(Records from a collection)
%%

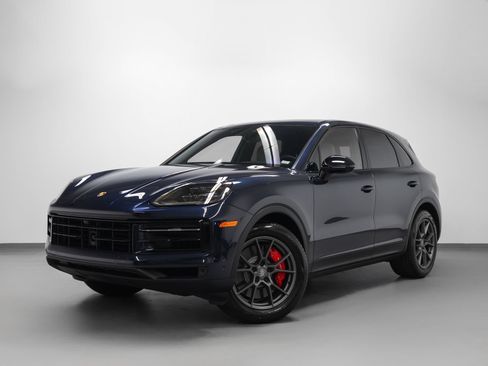 Certified 2024 Porsche Cayenne S w/ Premium Package Plus AWD/4WD image 6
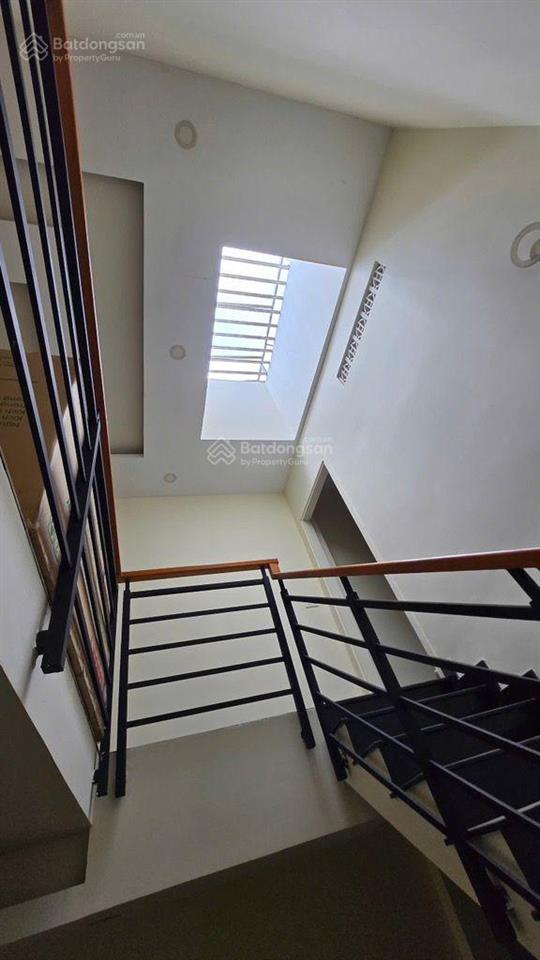 68mv ngang 4m, hẻm nhựa phân lô nguyễn văn công  ngay công viên gia định.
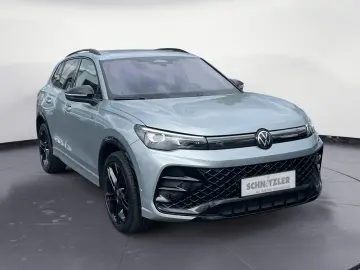 VW Tiguan R-Line 2.0 TDI 4M DSG PANO H&K STHZ 360
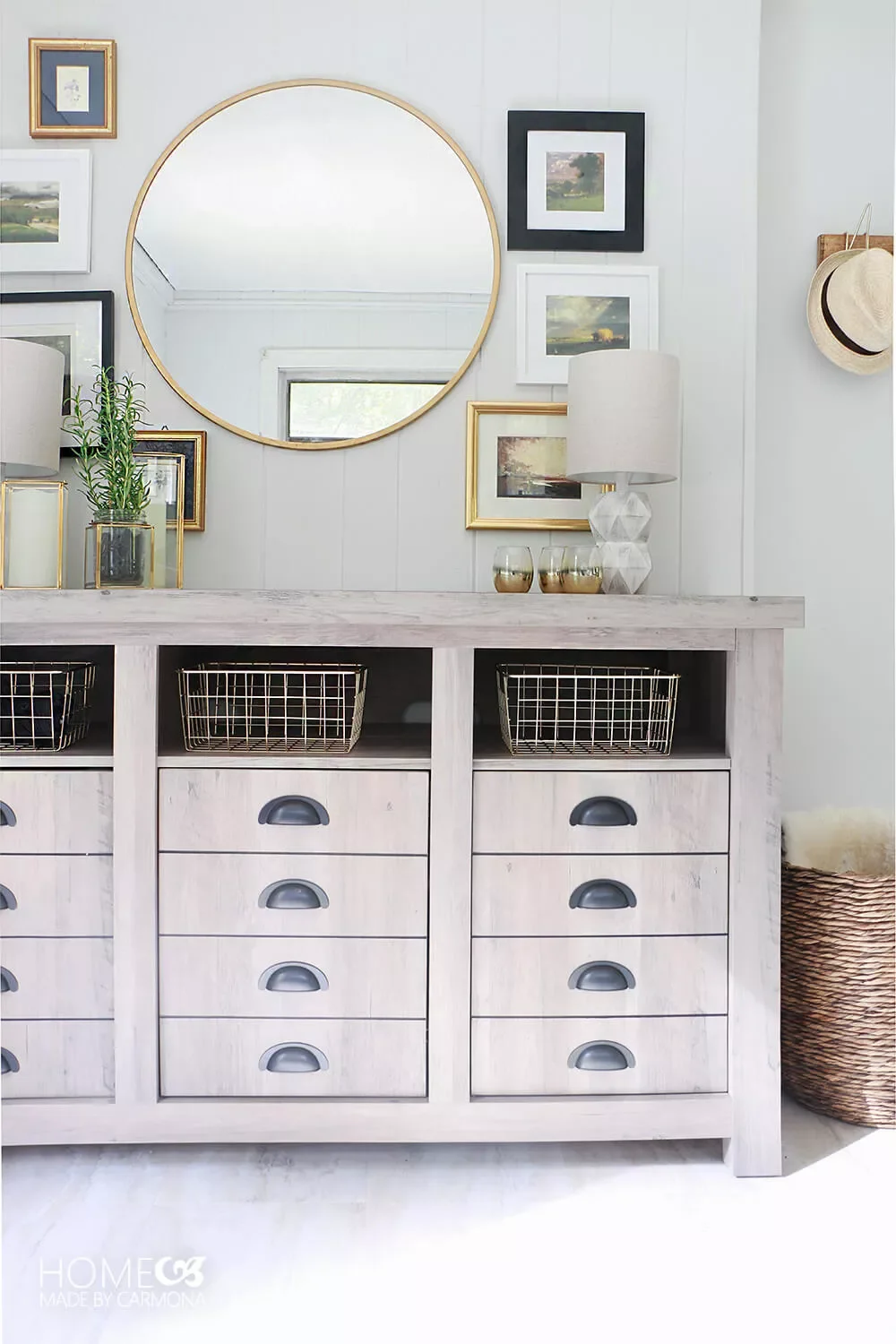22 Contemporary Foyer Designs That Create Unforgettable First Impressions 6 Infuse Gold Accents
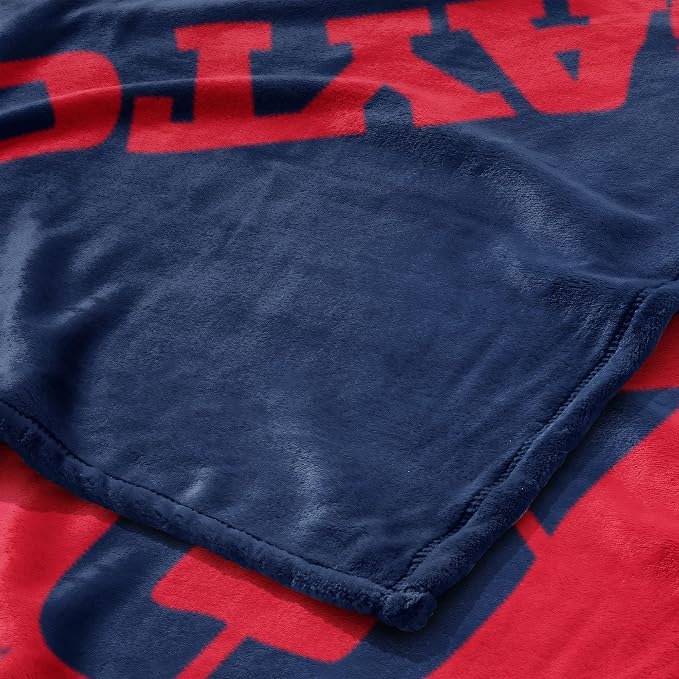 Northwest NCAA Silk Touch Throw Blanket, Ultra Soft Plush Polyester, Lightweight Warm Decorative Fan Gift, 46 x 60 in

%%

## Task brief
What is needed is an exact copy of the lines from the line with "VW Tiguan R-Line" to the end of the data above, both included, without any pictures.

## Result for this exercise
 VW Tiguan R-Line 2.0 TDI 4M DSG PANO H&K STHZ 360
22 Contemporary Foyer Designs That Create Unforgettable First Impressions 6 Infuse Gold Accents
 Northwest NCAA Silk Touch Throw Blanket, Ultra Soft Plush Polyester, Lightweight Warm Decorative Fan Gift, 46 x 60 in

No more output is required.